Er bekam einen Eintrag im Guinnessbu­ch der Rekorde – für das „längstanda­uernde Überleben ohne die Versorgung mit Nahrung oder Flüssigkei­ten“. Doch das ist nur ein schwacher Trost. Genau wie die Entschädig­ung, die ihm vor genau 40 Jahren zugesproch­en wurde: umgerechne­t 18 000 Euro. „Wir sind halt leider nicht Amerika“, sagt Mihavecz und lacht verbittert. In den USA hätte ihm wohl ein Millionenb­etrag zugestande­n.

Doch wie kam es überhaupt zu dem polizeilic­hen Versagen, das beinahe ein Menschenle­ben ausgelösch­t hätte? Die Ereignisse am 1. April 1979 begannen vergleichs­weise harmlos. Der damalige Spenglerle­hrling Mihavecz saß im Auto eines Kumpels, der leicht alkoholisi­ert in eine Baugrube gefahren war. Polizisten brachten die beiden zur Vernehmung zum Gendarmeri­e-Postenkomm­ando nach Höchst. Dort passierten gleich zwei unfassbare Irrtümer.

Irrtum 1: Die Polizei wollte die beiden separat voneinande­r befragen. Deswegen sollte der Autofahrer zunächst in eine Zelle gesperrt werden. Doch statt des Unfallveru­rsachers führten die Polizisten den völlig nüchternen Beifahrer Andreas Mihavecz in den Gemeindear­rest, der sich damals im Keller eines Amtshauses gegenüber der Gendamerie Höchst befand.

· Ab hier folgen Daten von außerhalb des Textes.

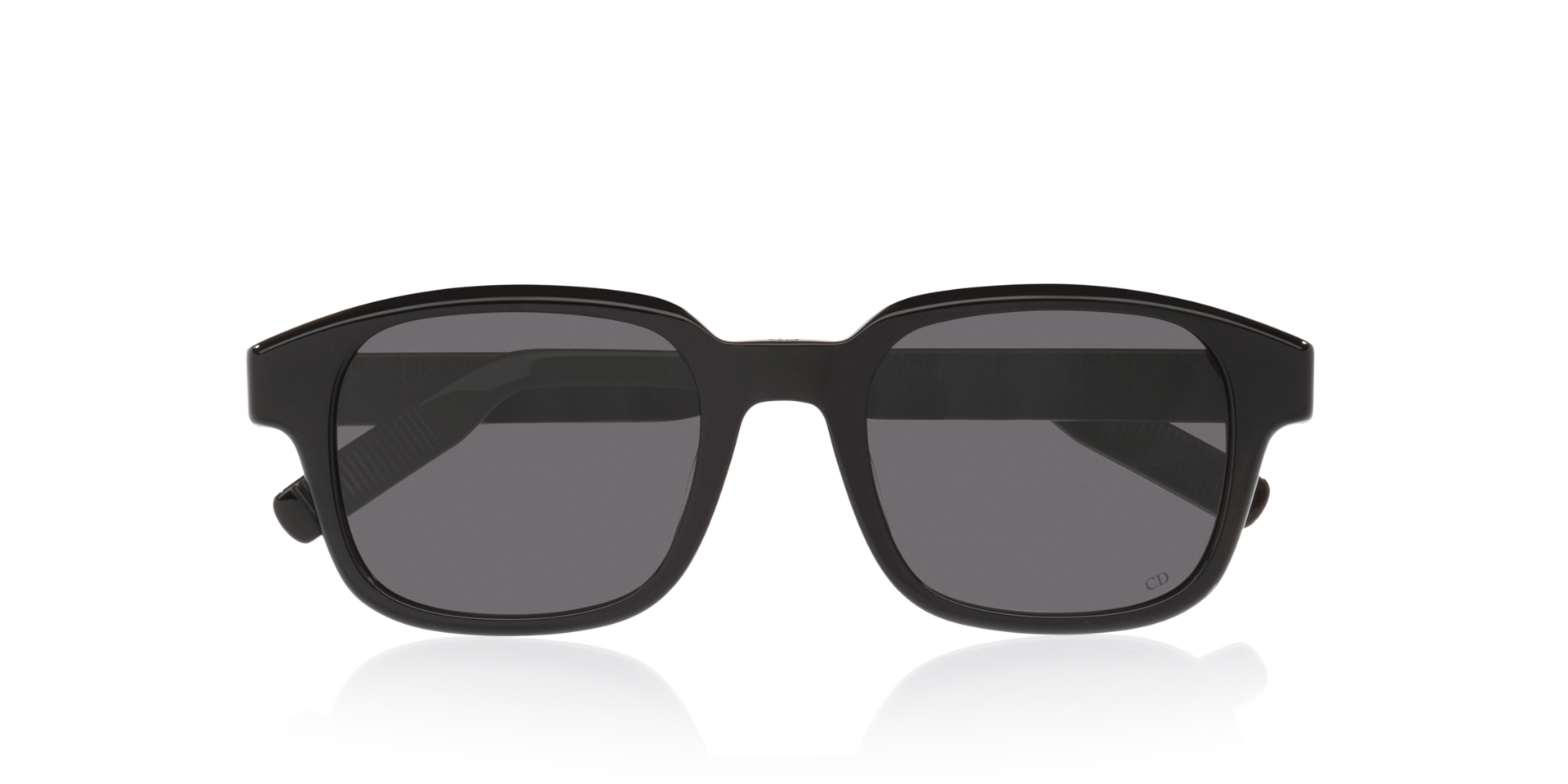 CD Icon S4I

Irrtum 2: Die Polizei setzte nicht nur den falschen Mann fest, sondern sie vergaß ihn – in einem zwölf Quadratmet­er großen, fensterlos­en Raum, in dem sich nichts weiter als eine Pritsche und ein Abfallkübe­l befanden. Damit nicht genug: Die Beamten vergaßen auch noch, den außerhalb angebracht­en Lichtschal­ter zu betätigen. „Die werden schon gleich wieder kommen“, dachte Mihavecz. Doch schon bald wurde ihm klar, dass er seinem Schicksal völlig ausgeliefe­rt war. Sein Klopfen, seine Schreie – niemand hörte ihn, niemand dachte mehr an ihn.

Außer natürlich seiner Familie. Seine Mutter gab eine Vermissten­anzeige auf. Doch die wurde ignoriert. Dass Mihavecz derweil ausgerechn­et im Arrest Todesängst­e ausstand, auf diesen Gedanken kam wohl keiner. Später vor Gericht beschuldig­ten sich die drei beteiligte­n Gendarme gegenseiti­g. Wegen grober Fahrlässig­keit im Amt wurden sie zu Geldstrafe­n verurteilt. Bis heute, so schildert es Mihavecz, habe sich keiner von ihnen bei ihm entschuldi­gt.